There are a few instructions that take a single operand.
INC will decrement or increment a register (or memory location), while
NEG will negate a number (two’s complement), and
NOT will invert every bit of a register or memory location.
NOP instruction does… nothing. It’s short for No OPeration. While compilers have a few uses for this instruction, one that comes in handy is when you want to disable a small chunk of code (which we sometimes call “NOP-ing out” the instructions).
The last common instruction I’ll mention is the
INT instruction. It always takes a constant operand of a single byte value. It’s short for “INTerrupt” and is used to trigger a “software interrupt”, which will switch the CPU into kernel mode and start running the code that corresponds to the interrupt number (the interrupt handler). Two important uses are breakpoints (which are always
INT 3) and system/kernel calls, although the latter use has been mostly replaced with the
SYSENTER instructions because they are better suited for that purpose.
See, it’s not so hard!
If you’ve made it this far, you should have the basic information you need to start understanding assembly code. The best way to improve past this point is to actually start reading the code that a compiler generates. The best way to do that for sample programs is to use Compiler Explorer, which will neatly color code the correlation between source code and assembly. I also think it’s very useful to step through assembly code and see how the registers change. For that, WinDbg is my preferred tool, but any debugger that can step at the assembly level (and not source line!) will give you a similar experience. Lastly, when you want to really understand every last detail of how an instruction works, make sure you download the latest copy of the Intel Software Developer Manuals, which we usually just call “The SDM”. It’s incredibly dense, but has every detail of every instruction, as well as everything else you can imagine about low level x86 and x64 programming.
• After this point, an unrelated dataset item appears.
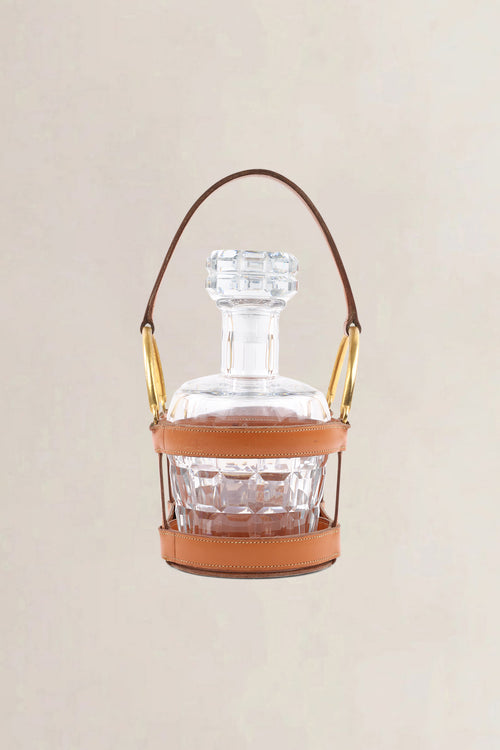 Hermès Cognac Leather Bottle Holder With Two Crystal Baccarat Bottles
- I’m not going to split hairs about assembly language vs. machine code. If you care about the distinction, this blog post is probably not very relevant to you. Same goes if you want to talk about microcode instead of machine code.
- In fact, there are no x86 instructions that have two explicit memory operands! There are instructions that can read from one memory address and write to another, but one of those addresses will be implicit via some other register. For instance, the
PUSH [addr]instruction can read a value from one address, and then write it at the current stack pointer.
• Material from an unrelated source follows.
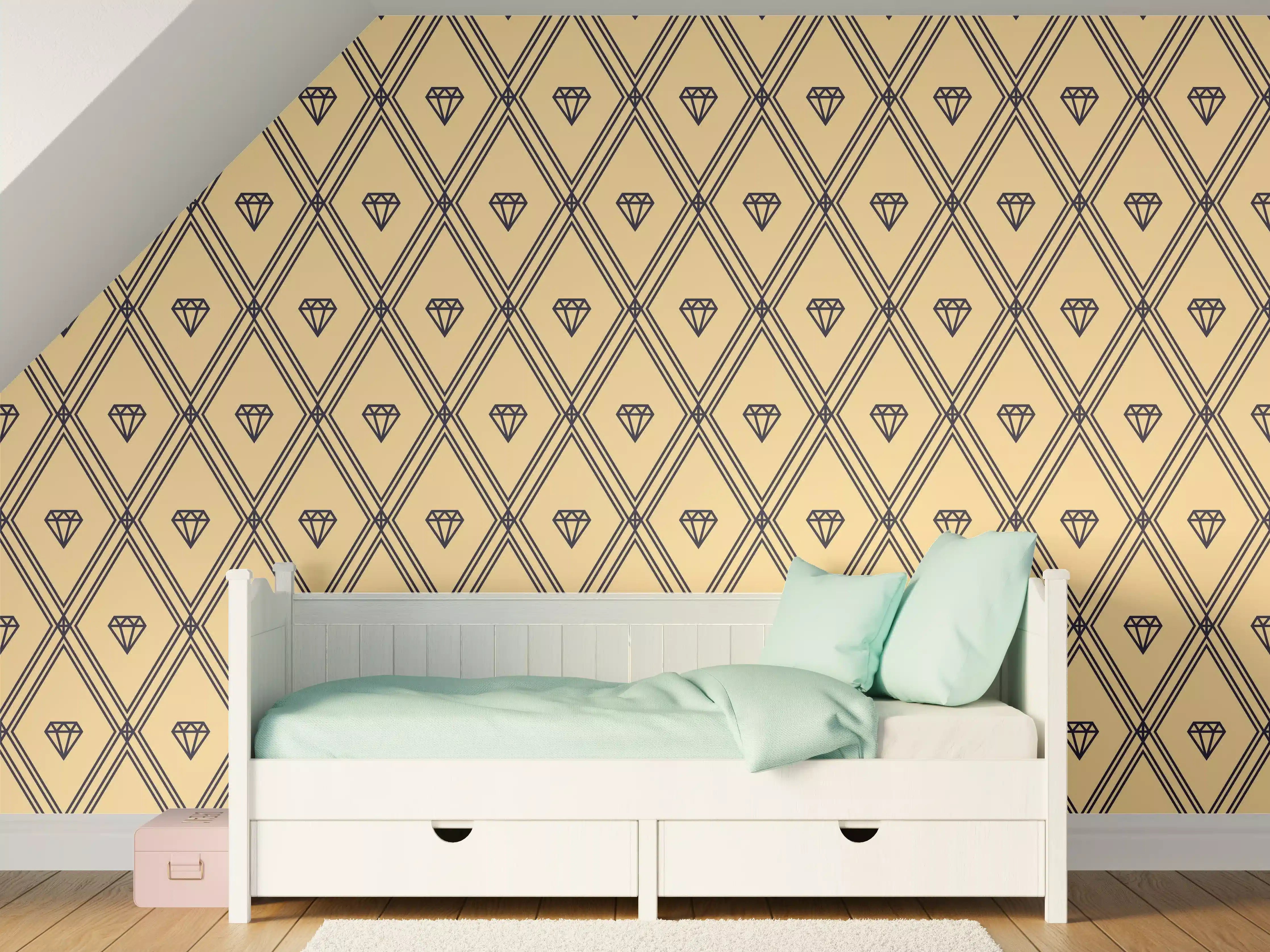 Kinderzimmer Wandgestaltung - Beige Diamantmuster Design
- Those of you with sharp eyes will notice I listed RAX, RCX, RDX, RBX and not RAX, RBX, RCX, RDX. That’s because RAX, RCX, RDX, RBX is the correct order for the registers and almost everyone gets this wrong in diagrams online. It’s really not important 99% of the time, but if you look any place where the registers are indexed or stored into memory, it’s always this order.
- To be more precise, the operand is evaluated and stored as a temporary value, and then the instruction pointer is pushed to the stack. This is important if the operand references RSP! The first time I wrote CPU emulation for this when working on Time Travel Debugging, I got this wrong. It seemed to work just fine but randomly crashed when some programs jumped to the wrong address!